Transcribe the following records exactly, images excluded.

+++ Material for this task

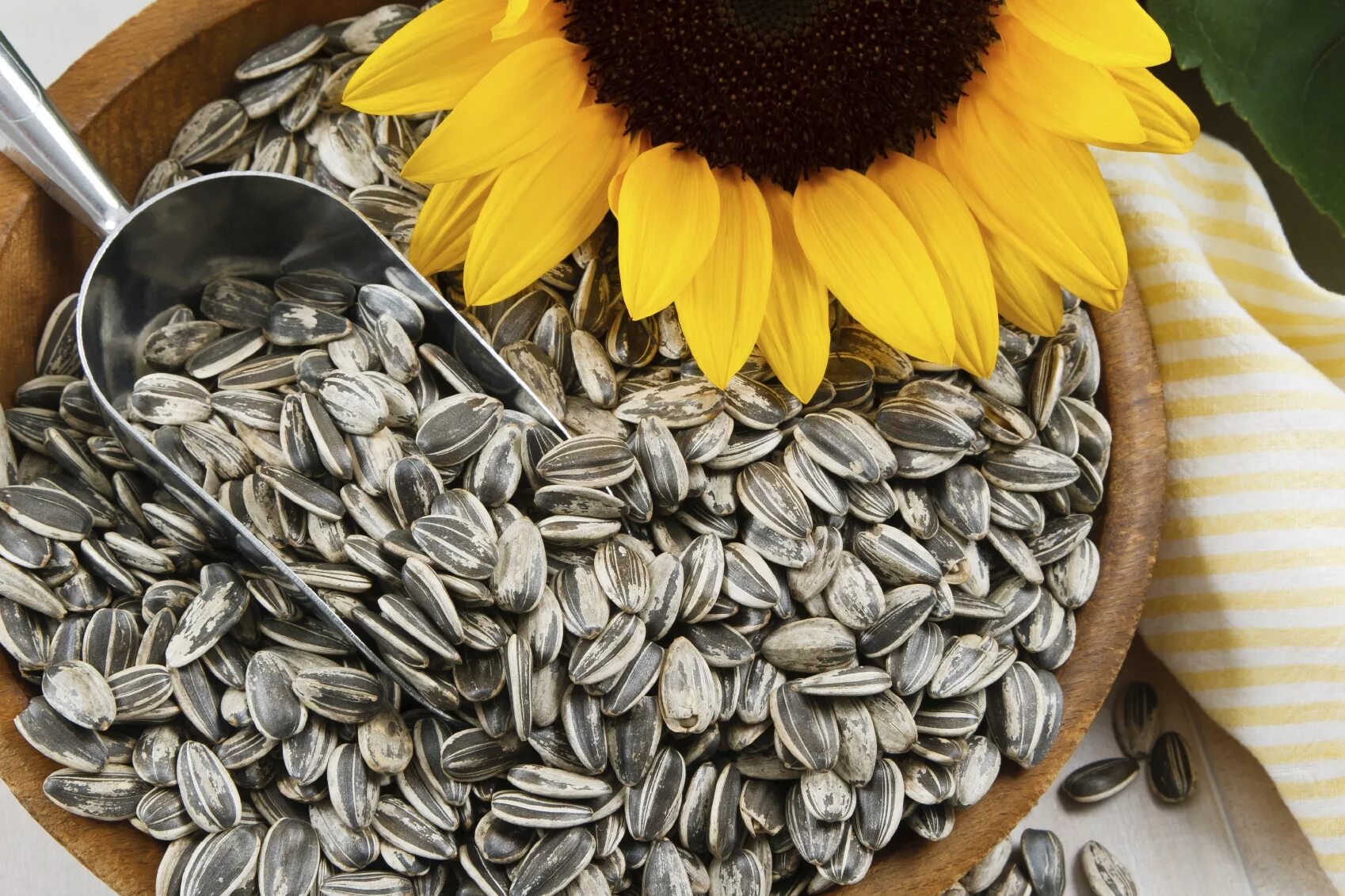 Обсемененные семечки. Семена подсолнечника (Sunflower Seeds. Семечки Sunflower Seeds. Щелканье семечек. Семечки подсолнечные неочищенные.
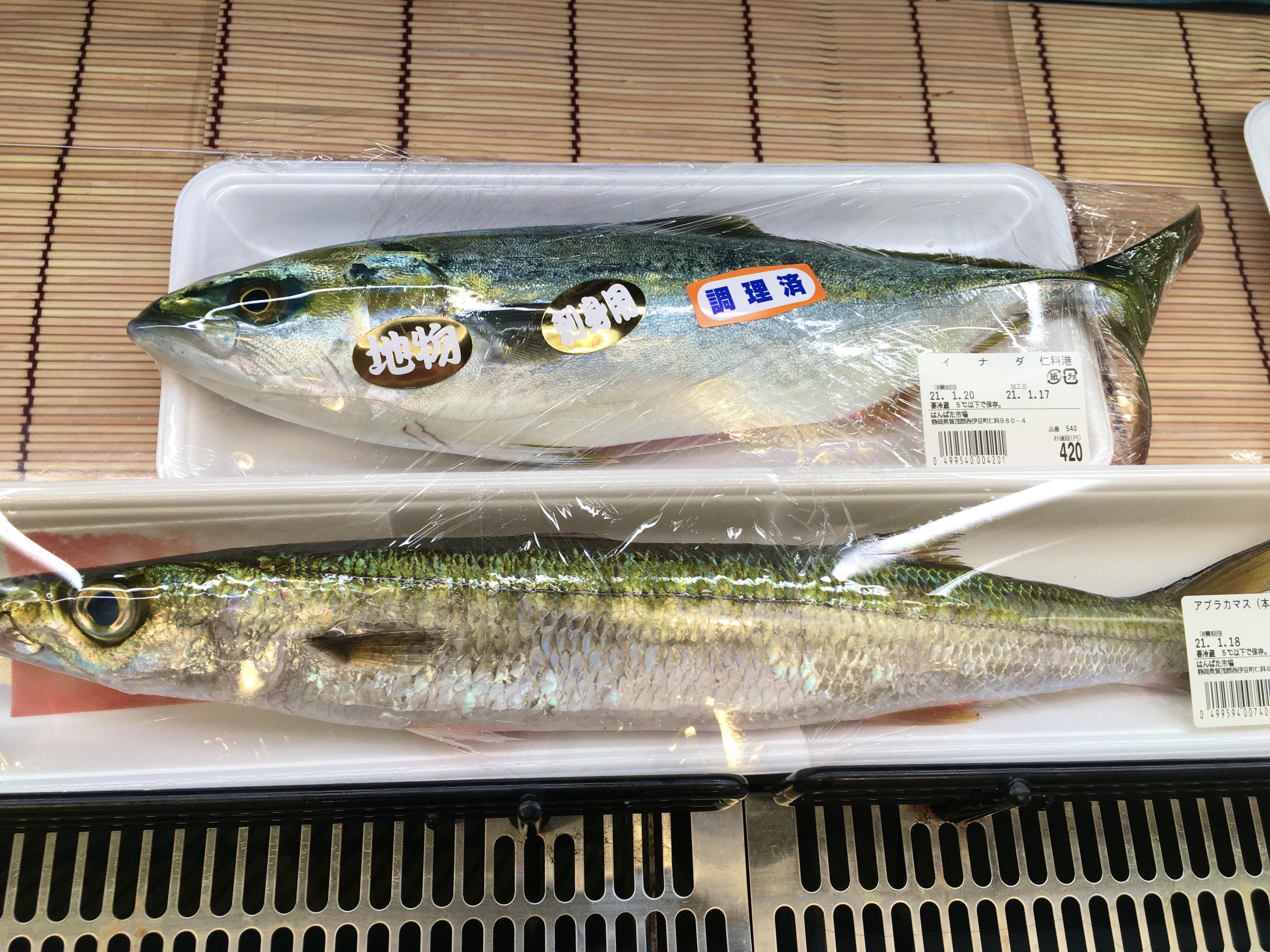 はんばた市場 まるでバラクーダ な デッカマス登場です 全長47cm カマスでこのサイズは なかなかの迫力です カマスは 干物にすると絶品 巨大干物づくりに いかがでしょうか 西伊豆 はんばた市場 カマス 鮮魚 入荷情報 魚 伊豆 駿河湾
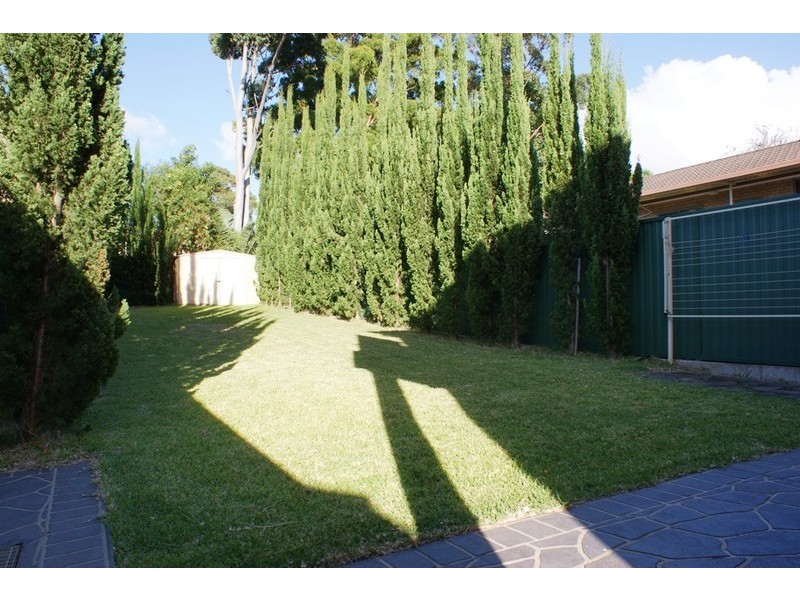 11 Waratah Street, Bexley NSW 2207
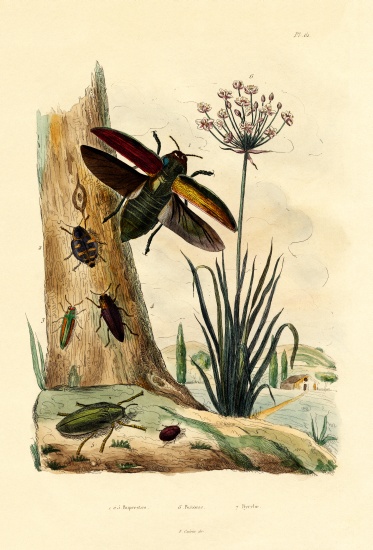 Jewel Beetles od French School, (19th century)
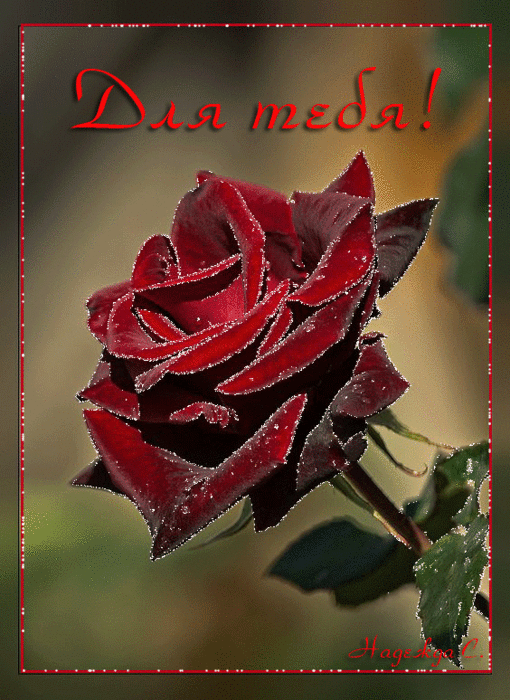 0027b01324d349a7c13d8fca5cdc2b02 (510x700, 608Kb)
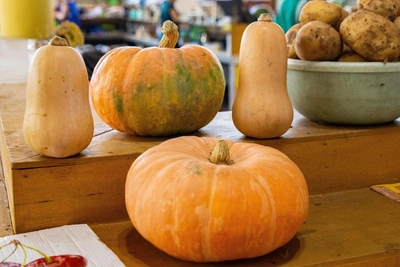 Altai chef shares pumpkin soup recipe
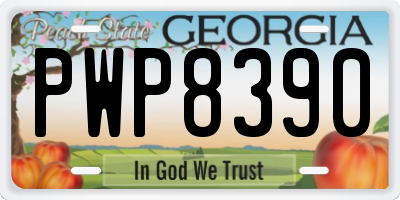 GA license plate PWP8390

++++++

[Solution to this task]:
 Обсемененные семечки. Семена подсолнечника (Sunflower Seeds. Семечки Sunflower Seeds. Щелканье семечек. Семечки подсолнечные неочищенные.
 はんばた市場 まるでバラクーダ な デッカマス登場です 全長47cm カマスでこのサイズは なかなかの迫力です カマスは 干物にすると絶品 巨大干物づくりに いかがでしょうか 西伊豆 はんばた市場 カマス 鮮魚 入荷情報 魚 伊豆 駿河湾
 11 Waratah Street, Bexley NSW 2207
 Jewel Beetles od French School, (19th century)
 0027b01324d349a7c13d8fca5cdc2b02 (510x700, 608Kb)
 Altai chef shares pumpkin soup recipe
 GA license plate PWP8390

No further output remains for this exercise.